Though the course was taught previously, there had been a reliance on the students to either know complex VXML coding or to learn VXML on the fly during the course of the semester.  This provided both a time and knowledge hurdle for those students in accomplishing their goals.  After seeing a demo of Angel.com’s on-demand WYSIWYG Site Builder toolkit, Blade knew he had something very special in IVR design tools that would lead to much greater success in his class.  And that it did.

“If Apple made an interface for designing speech applications, it would be the Angel.com Site Builder toolkit.

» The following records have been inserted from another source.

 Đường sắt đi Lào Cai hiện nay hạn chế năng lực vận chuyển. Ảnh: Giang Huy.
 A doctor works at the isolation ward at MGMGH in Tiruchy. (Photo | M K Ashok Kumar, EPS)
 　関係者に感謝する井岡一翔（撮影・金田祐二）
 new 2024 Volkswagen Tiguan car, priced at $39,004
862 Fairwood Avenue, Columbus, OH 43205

There’s no better tool for designing voice applications,” said Blade Kotelly. ” “It’s as easy to use as my iPhone.  In fact, I had students with zero coding experience producing applications in minutes, so I had to make the homework assignments more difficult! This is truly an amazing tool that has been trans-formative with my students.”

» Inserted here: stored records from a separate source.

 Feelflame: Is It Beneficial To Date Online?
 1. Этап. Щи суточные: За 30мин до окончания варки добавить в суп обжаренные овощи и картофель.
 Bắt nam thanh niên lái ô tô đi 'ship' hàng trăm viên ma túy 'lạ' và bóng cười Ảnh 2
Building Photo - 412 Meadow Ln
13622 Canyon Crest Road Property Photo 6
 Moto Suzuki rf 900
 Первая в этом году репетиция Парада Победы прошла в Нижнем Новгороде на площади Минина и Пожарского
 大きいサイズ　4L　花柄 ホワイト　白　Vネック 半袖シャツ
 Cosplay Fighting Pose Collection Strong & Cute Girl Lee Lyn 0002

Here is just a sampling of the unique voice applications built by MIT college students:

  • The “MITchell Partymann” Facebook Party App: The students created a compelling persona named “MITchell Partymann” that Facebook users can invite to their parties.  They then created a phone application that allows users to call from any phone while they’re out around town/campus, to find out where the parties are.  Any event that MITchell Partyman is invited to is accessible through the phone app, and all of the relevant data elements about the party are pulled out of the Facebook invite page and played over the phone.
  • Foursquare Voice: Allows users to interact with the location-based social networking website, Foursquare, to connect with their friends in real time. Check-in, earn badges, hear tips, keep a to-do list, find friends and even record messages for Twitter, Facebook and iPhone all through the phone.
  • The “Echo” To Do List Manager: Enables users to call a phone number and set up to do lists, shopping lists, etc.  The voice app uses an integration with Vlingo to convert speech to text, then stores the lists in a SQL database.  Users are then able to check items off when complete.
  • “Car Talk” Remote Control Car Application: Using web services and an Ardunio chip to talk to a controller that sends signals to an RC car, callers can speak commands through a phone (such as “turn left” and “go forward”) that direct the car.

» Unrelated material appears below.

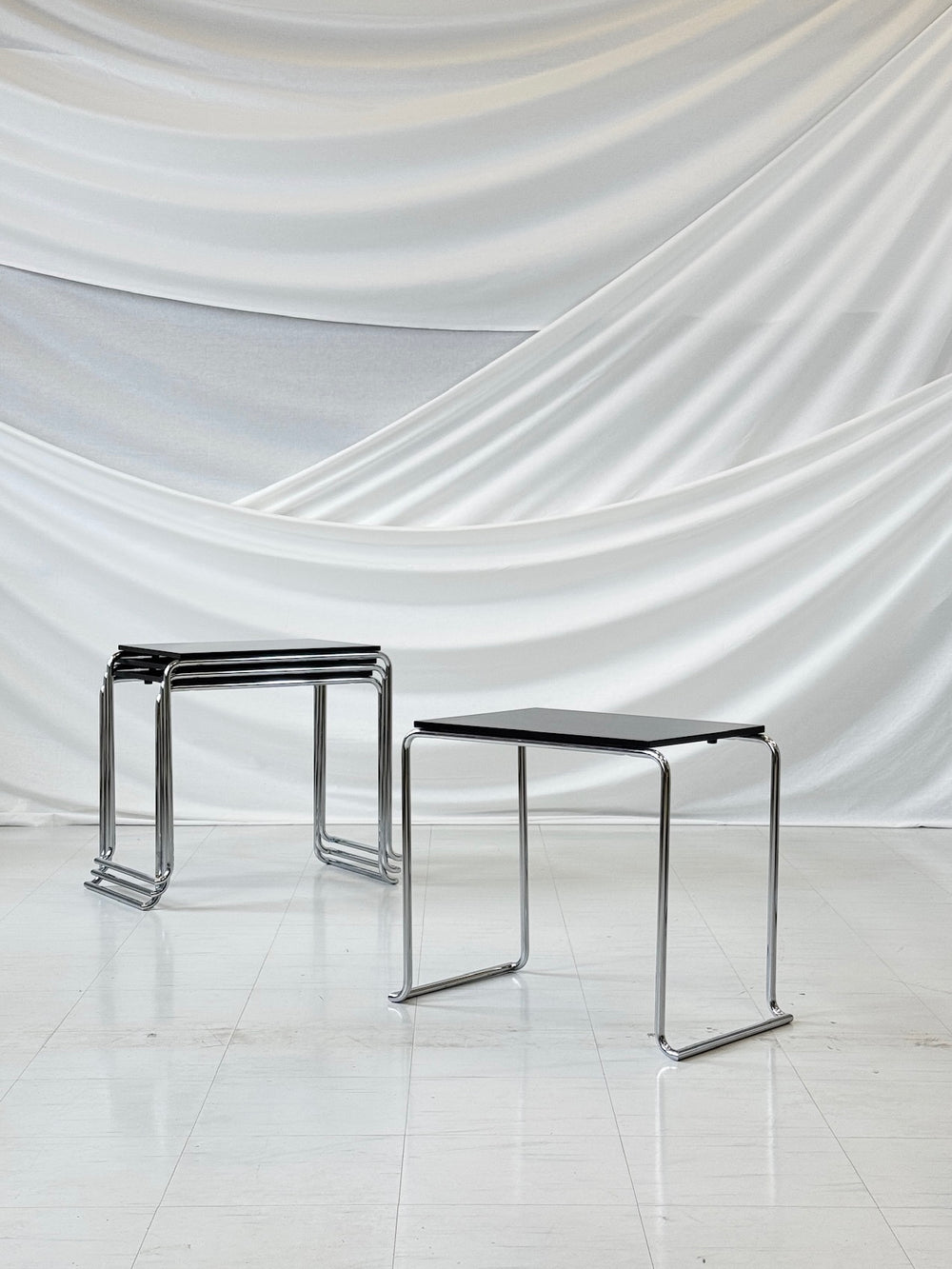 Artek Paimio 806 side table by Alvar Aalto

All of these voice applications, and many more were created within a few weeks using Angel.com.  The use of Angel.com and the time saved on creating the IVR applications was invaluable, allowing students to build even more robust integrations, more detailed call flows, and to spend more time on the creative and business presentation aspects of their projects, rather than the programming.

Held as a Spring and Fall semester class within the Bernard M. Gordon-MIT Engineering Leadership Program — a selective program for MIT undergraduate engineering students — the lab gave 45 MIT students the opportunity to design next-generation voice user interface (VUI) applications for consumers.  The class was so successful this semester through the use of Angel.com that requests for enrollment in the class for Fall semester have doubled.

“This class was such a huge success that students have joined the Gordon program because of it,” notes Kotelly.  “Students couldn’t stop talking about the IVR solutions they were building, which lead other students to get excited about the opportunity to do the same.  We will certainly be asking Angel.com for their help in supplying our students with access to Site Builder in all future classes.  We can’t wait to see how the bar is raised next semester on the types of apps they will develop.”

Good luck to the next round of students.  We can’t wait to see what you develop either!